The only major benefit available to GWU adjuncts is a retirement plan with no university contribution. As for job security, GWU is now obliged to give back to adjuncts any course they have taught for four semesters or more, unless they stop offering it to students altogether.
Across the District line, SEIU Local 500 organized adjuncts at Montgomery College in 2008. But at this cash-strapped community college, the union only got an 11 percent pay increase, according to McLeer. Other perks in the contract include a professional development fund and the opportunity for veteran adjuncts to get annual appointments.
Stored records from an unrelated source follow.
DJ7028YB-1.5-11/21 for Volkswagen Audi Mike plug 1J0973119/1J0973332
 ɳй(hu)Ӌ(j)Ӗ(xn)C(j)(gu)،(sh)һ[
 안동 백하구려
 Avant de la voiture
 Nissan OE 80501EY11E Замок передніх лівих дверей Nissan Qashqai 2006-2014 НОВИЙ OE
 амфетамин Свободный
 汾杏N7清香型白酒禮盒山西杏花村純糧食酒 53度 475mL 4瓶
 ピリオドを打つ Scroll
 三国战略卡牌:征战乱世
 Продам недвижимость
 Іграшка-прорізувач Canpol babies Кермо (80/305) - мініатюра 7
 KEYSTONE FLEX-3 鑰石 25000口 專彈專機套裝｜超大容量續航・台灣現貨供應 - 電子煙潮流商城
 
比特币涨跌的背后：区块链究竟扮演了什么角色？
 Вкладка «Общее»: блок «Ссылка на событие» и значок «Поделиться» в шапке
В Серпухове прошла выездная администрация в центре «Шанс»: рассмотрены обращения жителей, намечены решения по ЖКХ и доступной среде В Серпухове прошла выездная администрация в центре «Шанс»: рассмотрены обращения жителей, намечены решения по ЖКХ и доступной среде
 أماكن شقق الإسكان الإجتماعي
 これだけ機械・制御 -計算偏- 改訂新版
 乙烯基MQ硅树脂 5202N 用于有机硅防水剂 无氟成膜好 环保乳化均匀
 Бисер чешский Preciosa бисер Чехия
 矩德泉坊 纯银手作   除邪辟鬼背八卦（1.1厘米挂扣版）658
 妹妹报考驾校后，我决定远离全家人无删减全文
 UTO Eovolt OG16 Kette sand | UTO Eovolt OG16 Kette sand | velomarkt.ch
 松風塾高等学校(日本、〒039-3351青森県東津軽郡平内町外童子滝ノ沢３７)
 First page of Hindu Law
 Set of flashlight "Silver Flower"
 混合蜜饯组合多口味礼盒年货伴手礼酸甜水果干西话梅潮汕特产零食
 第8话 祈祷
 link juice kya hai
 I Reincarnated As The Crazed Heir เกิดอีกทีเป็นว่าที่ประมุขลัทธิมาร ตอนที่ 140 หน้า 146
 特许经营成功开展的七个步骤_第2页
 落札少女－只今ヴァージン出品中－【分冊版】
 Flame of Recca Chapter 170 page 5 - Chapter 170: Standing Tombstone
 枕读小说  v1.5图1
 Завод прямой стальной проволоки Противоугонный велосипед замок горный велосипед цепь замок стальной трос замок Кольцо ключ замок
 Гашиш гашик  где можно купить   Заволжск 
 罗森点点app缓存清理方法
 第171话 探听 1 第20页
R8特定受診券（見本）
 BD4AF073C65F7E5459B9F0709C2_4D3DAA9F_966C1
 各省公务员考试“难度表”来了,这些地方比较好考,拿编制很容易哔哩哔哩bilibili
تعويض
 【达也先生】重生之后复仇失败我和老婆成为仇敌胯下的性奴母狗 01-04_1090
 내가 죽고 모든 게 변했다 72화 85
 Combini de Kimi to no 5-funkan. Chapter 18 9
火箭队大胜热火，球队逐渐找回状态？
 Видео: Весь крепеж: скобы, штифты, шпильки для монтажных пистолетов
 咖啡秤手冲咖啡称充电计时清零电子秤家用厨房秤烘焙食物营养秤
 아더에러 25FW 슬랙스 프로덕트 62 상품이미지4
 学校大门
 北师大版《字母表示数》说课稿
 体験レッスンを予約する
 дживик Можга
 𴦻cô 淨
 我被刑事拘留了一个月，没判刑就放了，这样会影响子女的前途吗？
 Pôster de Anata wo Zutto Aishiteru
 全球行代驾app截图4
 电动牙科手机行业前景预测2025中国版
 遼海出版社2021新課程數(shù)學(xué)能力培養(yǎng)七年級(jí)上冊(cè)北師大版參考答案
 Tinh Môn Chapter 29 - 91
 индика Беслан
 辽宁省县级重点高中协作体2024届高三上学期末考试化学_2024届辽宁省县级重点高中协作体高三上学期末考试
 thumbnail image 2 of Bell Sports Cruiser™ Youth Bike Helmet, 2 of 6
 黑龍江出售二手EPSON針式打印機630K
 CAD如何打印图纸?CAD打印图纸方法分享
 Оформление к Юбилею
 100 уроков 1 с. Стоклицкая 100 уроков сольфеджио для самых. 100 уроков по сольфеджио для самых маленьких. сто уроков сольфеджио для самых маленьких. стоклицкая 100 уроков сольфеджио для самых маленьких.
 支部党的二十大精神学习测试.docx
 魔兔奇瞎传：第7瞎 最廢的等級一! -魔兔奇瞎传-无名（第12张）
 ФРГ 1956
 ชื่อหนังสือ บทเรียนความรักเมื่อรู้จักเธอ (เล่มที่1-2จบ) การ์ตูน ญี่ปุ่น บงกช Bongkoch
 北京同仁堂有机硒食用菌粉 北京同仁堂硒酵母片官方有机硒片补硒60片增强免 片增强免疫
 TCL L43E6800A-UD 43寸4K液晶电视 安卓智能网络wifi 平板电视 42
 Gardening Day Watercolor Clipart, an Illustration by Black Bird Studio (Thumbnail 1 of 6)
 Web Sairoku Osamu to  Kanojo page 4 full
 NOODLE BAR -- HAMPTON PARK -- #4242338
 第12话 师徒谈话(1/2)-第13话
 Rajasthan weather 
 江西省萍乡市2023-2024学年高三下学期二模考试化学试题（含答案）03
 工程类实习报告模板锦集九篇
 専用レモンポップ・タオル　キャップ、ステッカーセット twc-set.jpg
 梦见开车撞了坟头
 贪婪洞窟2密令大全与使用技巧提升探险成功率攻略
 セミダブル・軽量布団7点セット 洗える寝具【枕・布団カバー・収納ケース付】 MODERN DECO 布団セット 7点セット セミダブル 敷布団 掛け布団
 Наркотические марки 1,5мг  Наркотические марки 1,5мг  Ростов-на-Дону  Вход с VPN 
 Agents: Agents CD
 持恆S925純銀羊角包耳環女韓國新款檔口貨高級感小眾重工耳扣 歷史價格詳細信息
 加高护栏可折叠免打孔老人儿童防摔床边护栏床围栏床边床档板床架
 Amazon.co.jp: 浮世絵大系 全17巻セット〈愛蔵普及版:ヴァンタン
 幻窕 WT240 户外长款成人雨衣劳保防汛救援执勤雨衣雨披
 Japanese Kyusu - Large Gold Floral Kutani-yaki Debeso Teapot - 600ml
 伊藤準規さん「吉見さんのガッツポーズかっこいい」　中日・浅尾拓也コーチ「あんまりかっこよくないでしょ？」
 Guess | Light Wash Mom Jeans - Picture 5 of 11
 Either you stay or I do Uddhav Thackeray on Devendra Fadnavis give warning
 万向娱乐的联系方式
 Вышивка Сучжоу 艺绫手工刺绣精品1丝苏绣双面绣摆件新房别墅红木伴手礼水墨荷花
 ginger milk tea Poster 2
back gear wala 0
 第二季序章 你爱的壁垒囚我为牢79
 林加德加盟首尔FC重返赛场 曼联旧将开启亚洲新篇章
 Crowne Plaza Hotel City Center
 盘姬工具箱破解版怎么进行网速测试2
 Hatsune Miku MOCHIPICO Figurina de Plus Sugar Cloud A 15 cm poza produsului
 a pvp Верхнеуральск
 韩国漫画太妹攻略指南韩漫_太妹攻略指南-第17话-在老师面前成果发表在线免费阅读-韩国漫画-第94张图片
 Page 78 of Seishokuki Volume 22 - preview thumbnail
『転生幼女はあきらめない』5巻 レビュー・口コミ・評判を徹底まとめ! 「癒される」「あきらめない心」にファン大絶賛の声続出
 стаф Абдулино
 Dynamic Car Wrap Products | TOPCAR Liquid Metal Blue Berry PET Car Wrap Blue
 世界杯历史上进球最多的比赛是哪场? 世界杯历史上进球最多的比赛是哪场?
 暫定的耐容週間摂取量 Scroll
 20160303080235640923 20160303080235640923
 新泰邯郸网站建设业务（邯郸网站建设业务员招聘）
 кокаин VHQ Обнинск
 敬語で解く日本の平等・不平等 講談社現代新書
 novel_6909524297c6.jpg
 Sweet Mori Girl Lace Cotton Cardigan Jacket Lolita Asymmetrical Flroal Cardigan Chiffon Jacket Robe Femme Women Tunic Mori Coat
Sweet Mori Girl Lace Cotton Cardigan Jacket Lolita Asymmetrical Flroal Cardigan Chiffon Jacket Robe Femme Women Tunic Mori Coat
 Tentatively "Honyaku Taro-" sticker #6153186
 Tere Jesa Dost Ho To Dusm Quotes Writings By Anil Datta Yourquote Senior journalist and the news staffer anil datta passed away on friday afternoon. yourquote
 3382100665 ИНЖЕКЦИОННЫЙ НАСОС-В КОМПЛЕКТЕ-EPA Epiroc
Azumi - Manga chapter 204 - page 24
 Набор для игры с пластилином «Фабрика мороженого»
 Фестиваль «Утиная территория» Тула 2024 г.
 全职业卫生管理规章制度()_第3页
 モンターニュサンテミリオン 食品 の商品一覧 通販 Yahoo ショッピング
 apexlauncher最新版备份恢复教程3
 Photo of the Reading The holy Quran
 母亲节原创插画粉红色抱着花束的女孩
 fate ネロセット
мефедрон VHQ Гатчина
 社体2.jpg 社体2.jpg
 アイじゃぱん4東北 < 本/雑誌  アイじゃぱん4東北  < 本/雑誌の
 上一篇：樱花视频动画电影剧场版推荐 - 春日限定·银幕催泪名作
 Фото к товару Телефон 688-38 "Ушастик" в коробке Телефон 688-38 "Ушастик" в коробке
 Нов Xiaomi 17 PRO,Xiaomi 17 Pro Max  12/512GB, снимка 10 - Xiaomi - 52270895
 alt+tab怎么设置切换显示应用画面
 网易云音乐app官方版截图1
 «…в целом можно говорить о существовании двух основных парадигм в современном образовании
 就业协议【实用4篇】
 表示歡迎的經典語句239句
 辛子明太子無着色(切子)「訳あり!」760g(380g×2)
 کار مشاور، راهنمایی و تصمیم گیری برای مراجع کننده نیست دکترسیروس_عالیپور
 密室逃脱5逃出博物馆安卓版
The union has gotten enhanced paid leave and a stipend for participation in the school’s wellness program, but not health insurance or other benefits.
Nationwide, only 8 percent of adjuncts at private colleges and universities are unionized. Most of their unions have sprung up within last ten years. “The range in gains is tremendous, from virtual revolution in conditions and pay to small incremental gains,” according to Joe Berry, author of Reclaiming the Ivory Tower: Organizing Adjuncts to Change Higher Education. Columbia College in Chicago may be on the “incremental” end of that range. Before adjunct faculty there unionized in 1994, they earned $1,440 per course. Now they get anywhere between $1,500 and $4,770, but still don’t enjoy any benefits or job security measures. New York University adjuncts have been more successful. When they joined United Auto Workers in 2004, they secured a 19 percent pay raise over six years. They now also have access to health insurance, a pension, and an arbitration process to address employee grievances. And at the New School, UAW won dramatic increases in minimum pay. It was about $35 an hour before 2005; by 2008 hourly pay ranged from $53 to $95.
Despite the uneven gains elsewhere, union supporters at AU enter the election period confident. “It just makes sense,” Cooke says of unionization. “We have just as much training and just as much commitment to our students as other faculty members. The disparity there needs to be equalized.”